Middle English drope, from Old English dropa "a small, spherical mass of liquid," from Proto-Germanic *drupon (source also of Old Saxon dropo, Old Norse dropi, Dutch drop, Old High German tropfo, German Tropfen (n.)); see drop (v.).

Sense of "minute quantity of anything, least possible amount" is from c. 1200. Meaning "an act of dropping" is from 1630s; of immaterial things (prices, temperatures, etc.) from mid-19c. Meaning "lozenge, hard candy" is 1723, from resemblance in shape. Meaning "secret place where things can be left illicitly and picked up later" is from 1931. Theatrical meaning "painted curtain dropped between scenes to conceal the stage from the audience" is by 1779.

Drop in the bucket (late 14c.) is from Isaiah xl.15 [KJV]. At the drop of a hat "suddenly" is from 1854. To get the drop on "be prepared before one's antagonist" originally was Old West gunslinger slang (1869).




drop (v.)

Middle English droppen, from Old English dropian "to fall in drops, fall in small portions or globules, as a liquid." The word is part of a related series of verbs in Proto-Germanic that also yielded Old Saxon driopan, Old Frisian driapa, Dutch druipen, Old High German triufan, German triefen, and in English drip, droop, and obsolete dreep and dripe. Related: Dropped; dropping.

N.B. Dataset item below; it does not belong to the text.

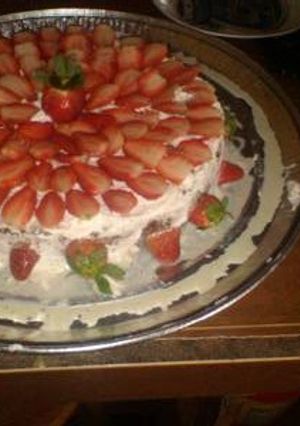 Una foto de Pastel de 3 leches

In reference to a solid object, "to fall vertically" from late 14c. The transitive sense "allow to fall" is from mid-14c. To drop in "visit casually" is from c. 1600; drop-in (n.) "a casual visit" is attested by 1819. The notion in drop (someone) a line "write a letter" (1769) is of dropping a message into a letter-box. Exclamation drop dead to express emphatic dislike or scorn is from 1934; as an adjective meaning "stunning, excellent" it is recorded by 1970 (compare killing, etc.).